Title : On a scale from one to ten
Abstract:
How you can read how much pain someone else has? In biomedicine there is a widespread us of Melzack and Walls gate-control theory that describes that pain is a bio-psycho-social phenomenon, where it is impossible to separate the different components from each other. Phenomenological theories about pain describe pain as unconscious and embodied, and characterized by its interiority that others cannot share with the pain sufferer in both biomedicine and anthropology can pain be characterized as both a personal experience and a relational phenomenon.
I have conducted field work on an orthopedic surgical ward, where I have studied how nurses reads the patients pain and the reasons she has to relieve pain and how these reasons influence her reading of the patients pain.
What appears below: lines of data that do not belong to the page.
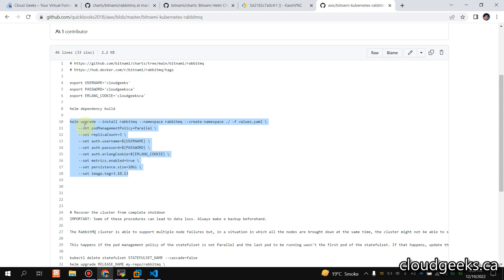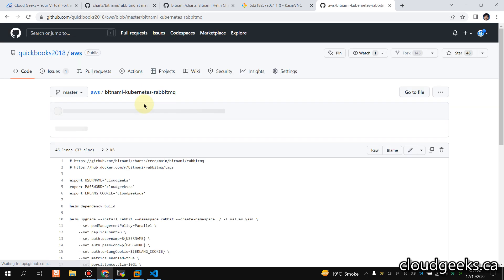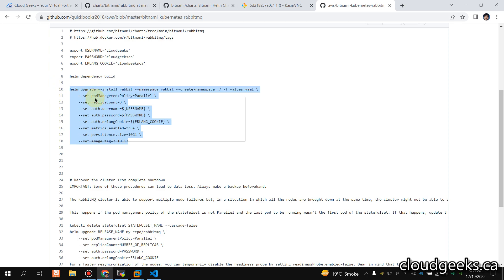The command is helm upgrade --install rabbitmq in namespace rabbit. I'm calling the release 'rabbit'. The values.yaml is the default but we override: pod management policy set to parallel, replica count 3, username cloudgeeks, password cloudgeeks-ca, Erlang cookie cloudgeeks-ca, metrics enabled true, persistent volume size 10Gi, and image tag 3.10.13. Let's run that.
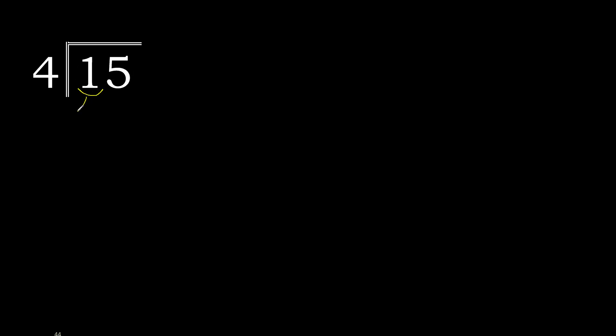15 divided by 4. 1 is less, therefore next. 15 is not less. With 15.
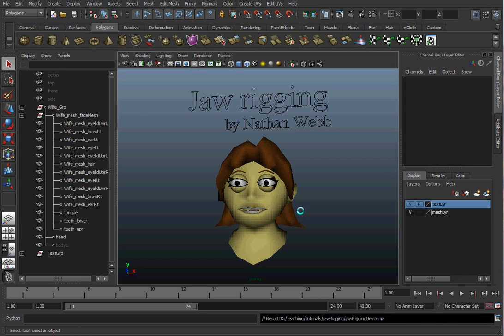Hello, this is Nathan Webb and this is a simple tutorial on how to do jaw rigging on a cartoony character in Maya 2011.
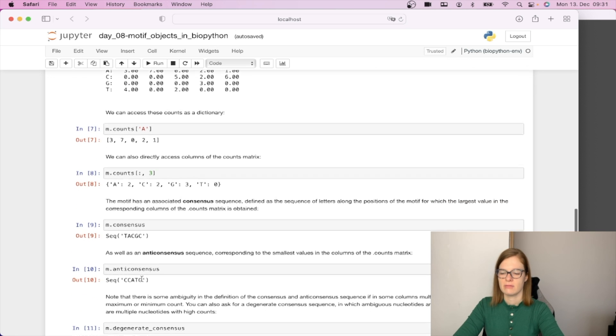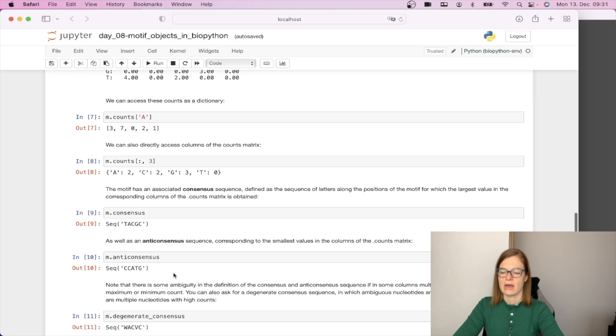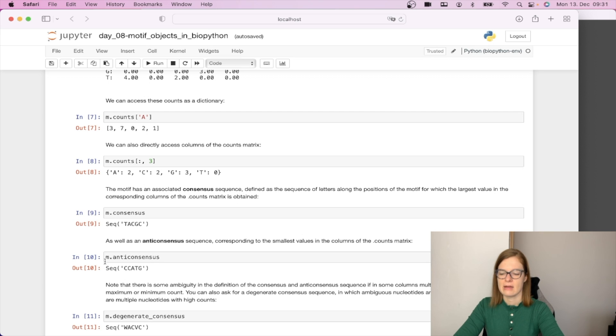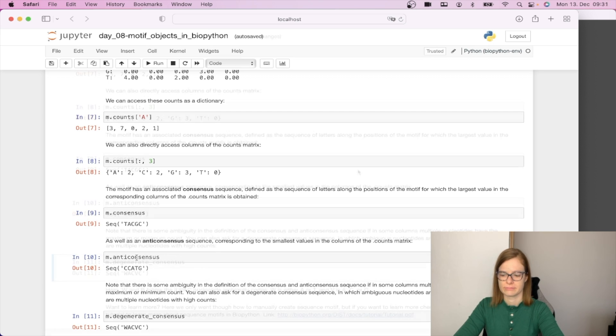Similarly we have the anti-consensus sequence which corresponds to the smallest value in the columns of the count metrics and we can print it by saying m.anti_consensus.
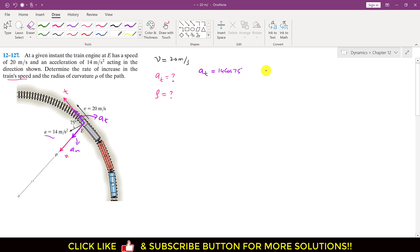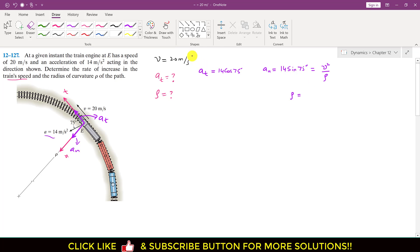Similarly, the normal component of acceleration is 14 sin(75°). As we know, normal acceleration always equals V squared divided by the radius of curvature ρ. So rho equals V squared divided by 14 sin(75°), where V is given as 20 meters per second at point E. That gives us 20 squared divided by 14 sin(75°).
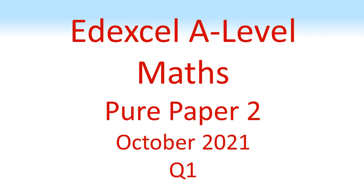LXL, A-Level Maths, Pure Paper 2, October 2021, Question 1.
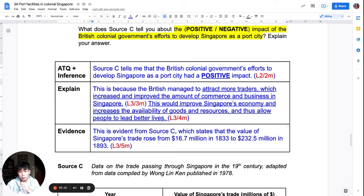If you need more help, please book a consultation. All the best for your WA2, secondary ones, and have a good day.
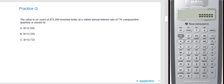A quick practice question: the value in six years of $75,000 invested today at a stated annual interest rate of 7% compounded quarterly is closest to A, $112,555; B, $113,300; or C, $113,733?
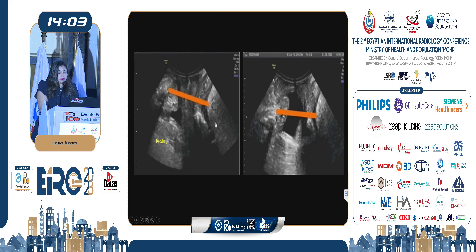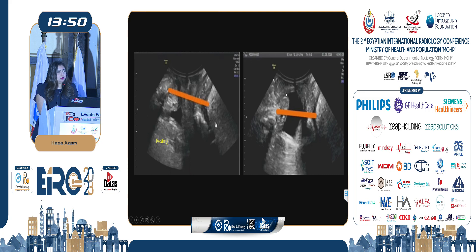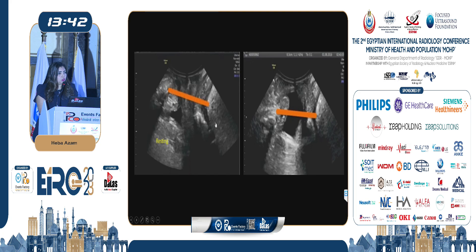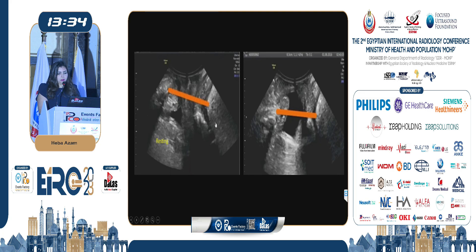Comparing the two images, during straining there is descent of the bladder base with funneling of the bladder neck, and the orientation of the urethra changes. In the resting image it shows a vertical orientation, whereas during straining it takes a rather horizontal orientation. This is due to marked urethral rotation, with a change in the echogenicity of the urethra making it less easy to identify.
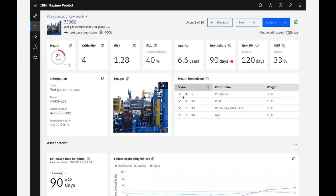There's a breakdown of health score drivers and factors that give us insight into what's causing its poor health. For this asset, and the assets in the same group, we can see the health score is a weighted average of condition, cost, remaining useful life, and age.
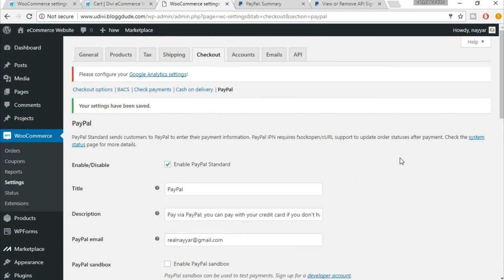With this we have completed the checkout option. In the next lecture we will be creating new products — I'll show you how to create different kinds of products: simple products, variable products, sale products, and more. See you in the next lecture.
When the nurses on the orthopedic surgical ward read the patients' pain, the nurse's senses are at stake in the immediate context. But her sensory impressions are not alone. They are influenced and shaped in a complex interaction with her past experiences with both her own and others' experience of pain and the knowledge she has that constitute her clinical gaze. In the immediate reading of the patient, the nurse's interpretation of what she observed was always affected by the doubt she had about the validity of the patient’s statement.
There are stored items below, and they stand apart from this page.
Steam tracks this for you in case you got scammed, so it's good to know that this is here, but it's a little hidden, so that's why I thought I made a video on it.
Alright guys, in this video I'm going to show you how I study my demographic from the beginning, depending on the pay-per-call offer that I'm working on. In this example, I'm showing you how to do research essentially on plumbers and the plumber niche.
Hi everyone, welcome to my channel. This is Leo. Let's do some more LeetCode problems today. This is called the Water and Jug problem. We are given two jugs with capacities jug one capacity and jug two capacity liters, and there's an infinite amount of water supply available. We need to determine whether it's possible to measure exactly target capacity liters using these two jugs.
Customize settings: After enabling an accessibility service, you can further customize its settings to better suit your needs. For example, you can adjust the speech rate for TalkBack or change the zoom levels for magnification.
The nurses relations to the patients was also affected by the institutional requirements to use the VAS-scale to document the patient's pain, but the use of the vas-scale was just a small part of the double gaze that the nurse uses in her perception of the patient. Nurse classifications of patients also had impact on how nurses and patients interacted and interpreted each other. The nurses used the classifications as a kind of manual for how different types of patients should be perceived and what kind of actions she should choose in relation to the specific patient.
Some of the motivations the nurse has to relieve patients' pain are also linked to her identity as a good nurse: If the nurse is good at reading the patient's pain and subsequent relieve the pain, she will be recognized as a good nurse at both the institutional and relational level. The better she can fulfill the institutional demands, the more institutional recognition she will get as a competent nurse. And the better she can relieve pain and mobilize patients, the more recognition she gets on the relational level and thus enhance her identity as a good nurse.
Audience Take Away:
- Better understanding of the complex world of pain.
- A listing of some of the factors that influence nurses perceptions of acute pain in patients in an orthopedic ward.